All further statutory references are to the Civil Code unless otherwise specified.
Respondents prevailed at a three-day court trial. The trial court found the easement valid and enforceable, rejecting the argument that Mack's common ownership of the two lots between 2000 and 2011 had extinguished the easement through the doctrine of merger of title (merger doctrine). It denied Mack's mid-trial motion to amend his answer to plead the affirmative defense of adverse possession. The resulting judgment permanently enjoined him from "obstructing, interfering with, or impeding" respondents' use of the easement and ordered him to remove existing encroachments. Mack appealed.

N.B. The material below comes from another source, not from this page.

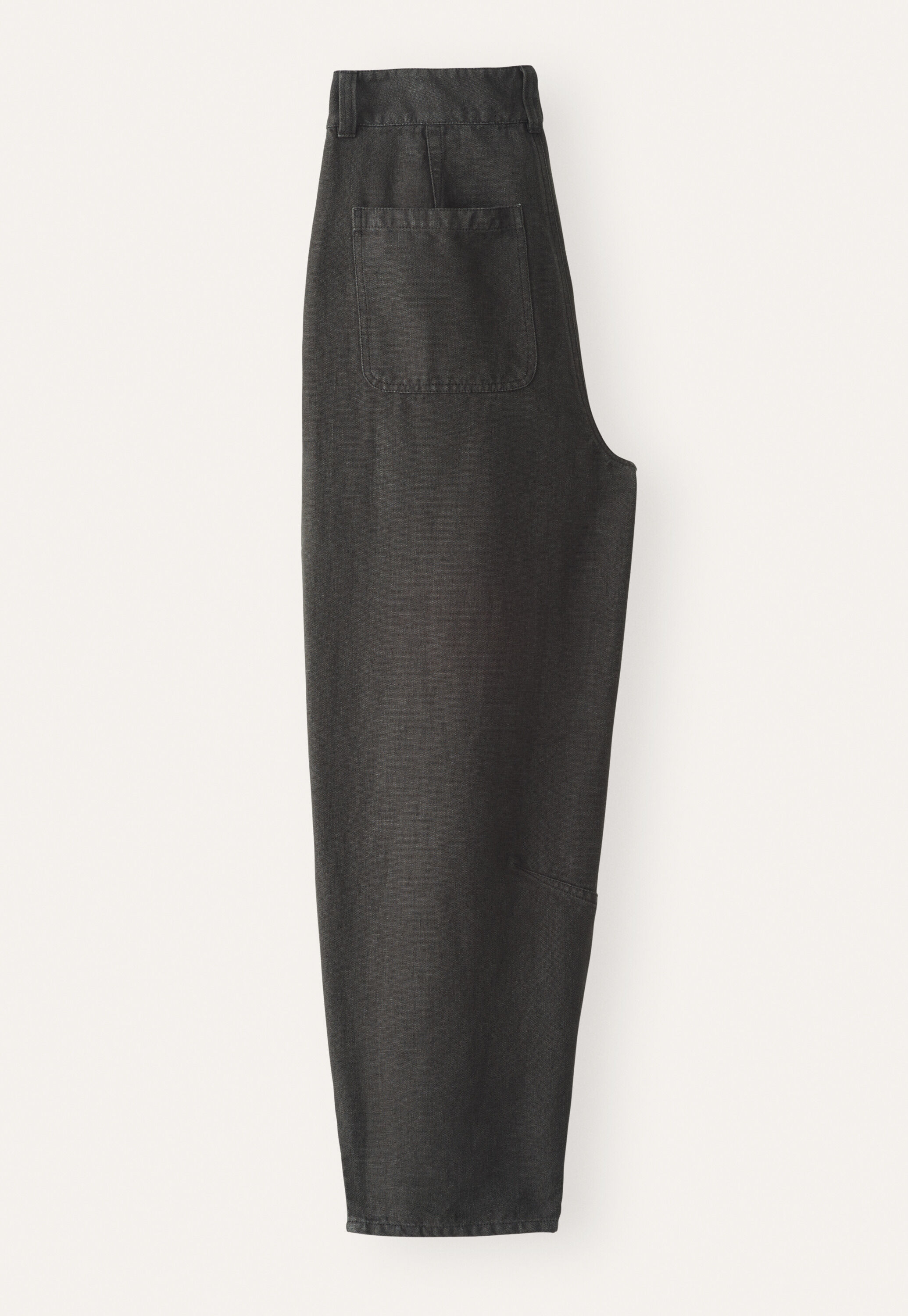 Tapered-leg trousers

This was the first phase of a bifurcated trial. The statement of decision refers to a second phase at which the parties would decide respondents' claims for monetary relief.
DISCUSSION
Merger Doctrine
Mack contends that any easement burdening his property was extinguished when he obtained sole title to both properties in 2000. He contends the trial court erred when it declined to apply the merger doctrine under these circumstances. Mack requests de novo review, characterizing his appeal as based on undisputed facts. We disagree. The court heard conflicting evidence on Mack's merger defense. (See Hamilton Court, LLC v. East Olympic, L.P. (2013) 215 Cal.App.4th 501, 505 (Hamilton Court), citing 4 Miller &Starr, Cal. Real Estate (3d ed. 2011) § 10:41, pp. 139-140, fns. omitted. [whether merger has occurred is a question of fact requiring inquiry into the parties' intent].) We apply the substantial evidence standard to factual findings. (See Beyer v. Tahoe Sands Resorts (2005) 129 Cal.App.4th 1458, 1470 (Beyer) ["To the extent that resolution of the appeal turns on factual findings made by the trial court, we review such findings under a substantial evidence standard"].)

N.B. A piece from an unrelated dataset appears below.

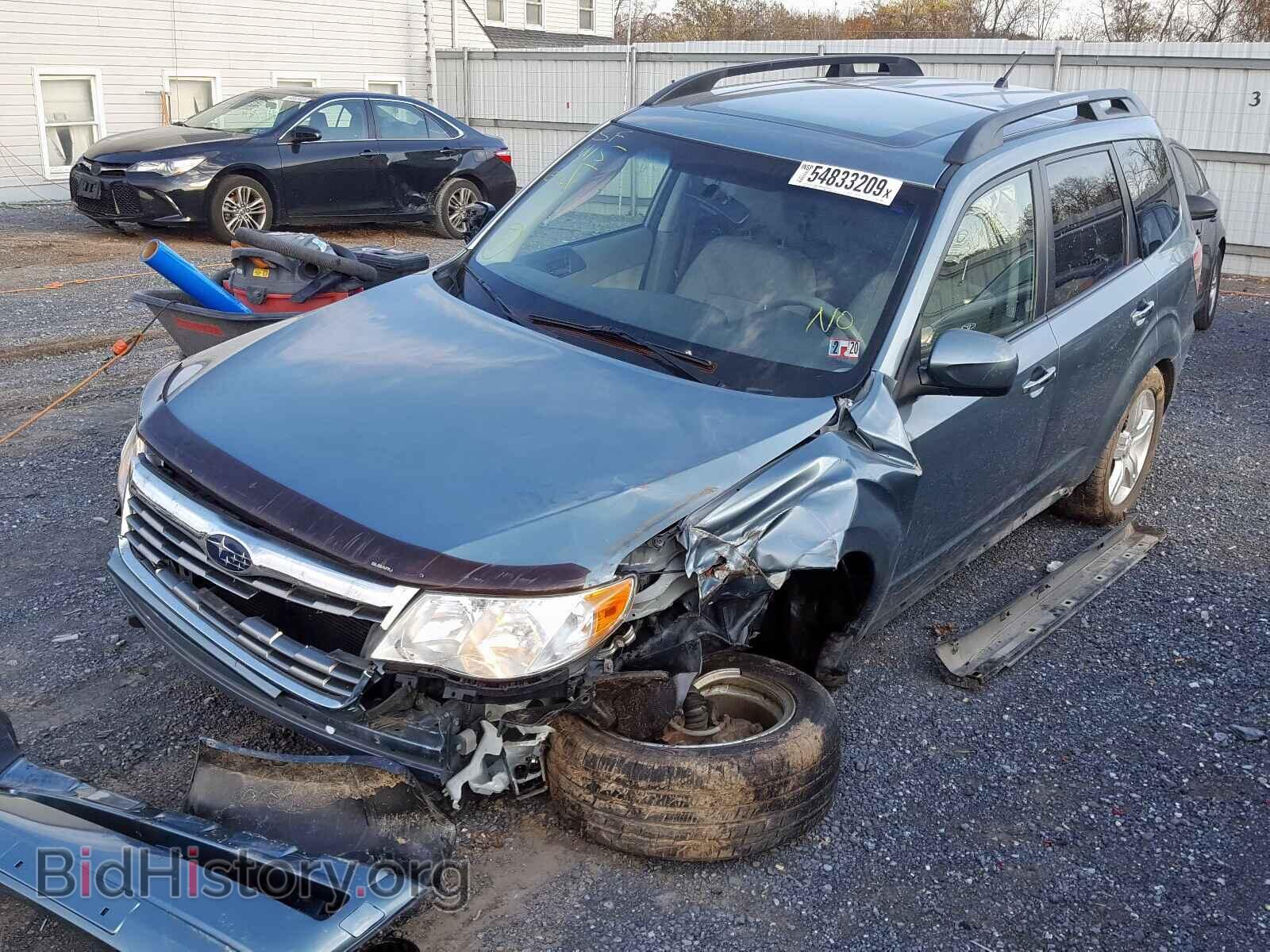 2010 SUBARU FORESTER - VIN: JF2SH6CC0AH749007 - Фото 2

The merger doctrine is codified in section 811 which states, in part, that "[a] servitude is extinguished: [¶] 1. By the vesting of the right to the servitude and the right to the servient tenement in the same person...." Similarly, section 805 states that "[a] servitude thereon cannot be held by the owner of the servient tenement." These statutes "avoid nonsensical easements - where they are without doubt unnecessary because the owner owns the estate." (Beyer, supra, 129 Cal.App.4th at p. 1475.) "But application of the merger doctrine," we observed in Mack's prior appeal, "is not automatic." (Tariwala I, supra, B286146, at p. *6.) It requires "a unity of title, in that title and ownership of [the dominant and servient tenements] must be coextensive and equal in validity, quality, right to possession, and all other characteristics." (Beyer, at p. 1473.) Merger will not extinguish an easement if the result would be inequitable or would result "in an injustice, injury, or prejudice to a third person." (Hamilton Court, supra, 215 Cal.App.4th at p. 505, citing 4 Miller &Starr, Cal. Real Estate (3d ed. 2011) § 10:41, pp. 139-140, fns. omitted.)

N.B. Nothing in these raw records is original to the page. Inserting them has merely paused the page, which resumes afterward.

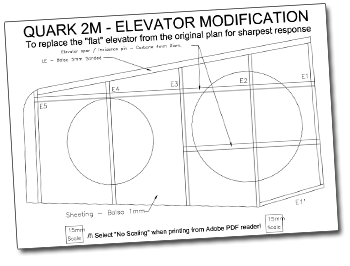 Quark 2M f Plan du stab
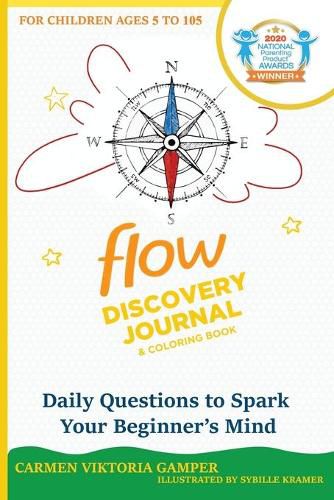 Cover image for Flow Discovery Journal and Coloring Book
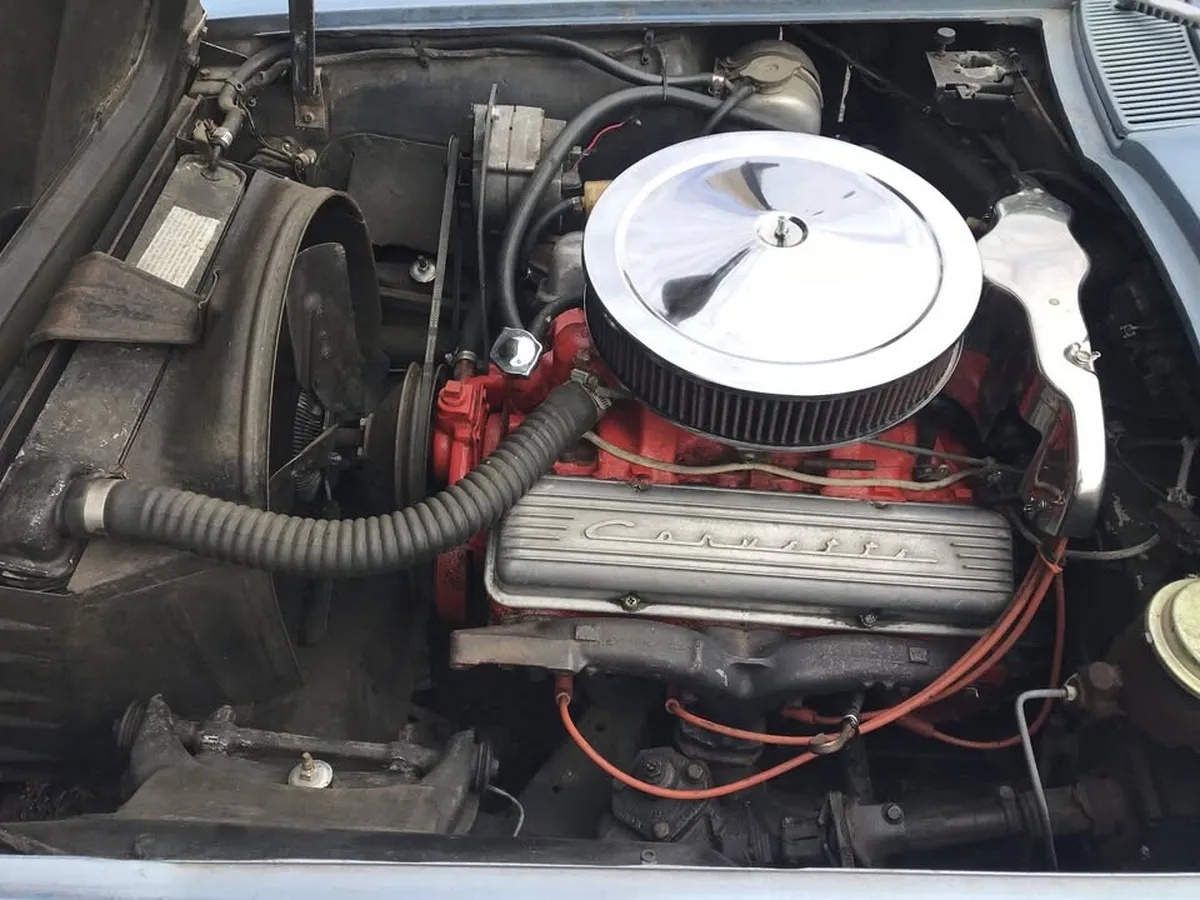 Chevrolet-Corvette-1965-Blue-Blue-4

At trial, Mack contended the easement was extinguished by merger when he acquired sole title to both properties in April of 2000. Respondents disagreed. They produced evidence that he had simultaneously executed a deed of trust that expressly referred to the easement. Mack responded that he did not intend to pledge the easement at the time; he simply signed the papers placed in front of him. He denied knowing any other recorded instruments contradicting his account.
The trial court reviewed decades of evidence relating to the properties' chains of title. It concluded Mack never held the two properties in unity of title because he encumbered the dominant tenancy (the Tariwala property) immediately after acquiring sole ownership and again in 2001 and 2005. The court declined to apply the doctrine because doing so would render the lender's security interest essentially worthless by eliminating the Tariwala property's only access to the road. (Hamilton Court, supra, 215 Cal.App.4th at pp. 505-506.)
Mack contends the trial court applied Hamilton Court in a way that "swallows" the merger doctrine whenever third party's interests come into play. The trial court's analysis was more nuanced. It scrutinized the parties' conduct as well as the chain of title and physical characteristics of each property. Granting a security interest in one property but not the other left open the possibility that the "unified" estate could be disjoined if he defaulted on the loan.
Justice Mosk proposed such a "mortgage exception" to the merger doctrine in his Hamilton Court concurrence. He noted, "there is or should be a so-called mortgage-in this case, deed of trust-exception to the merger doctrine." He then continued: "To extinguish the interest of the beneficiary of a deed of trust or mortgage security by merger would 'jeopardize, if it did not wholly destroy, the stability of every [such] security.' [Citation.] In this case and most such cases, the holder of the security is not a party to the transaction giving rise to the merger doctrine. It would be inequitable under the circumstances here to extinguish the security rights of such a beneficiary of the deed of trust when that security holder has no control over the transaction upon which extinguishment of the easement by the merger doctrine is claimed." (Hamilton Court, supra, 215 Cal.App.4th at p. 506-507 (conc. opn. of Mosk, J.).)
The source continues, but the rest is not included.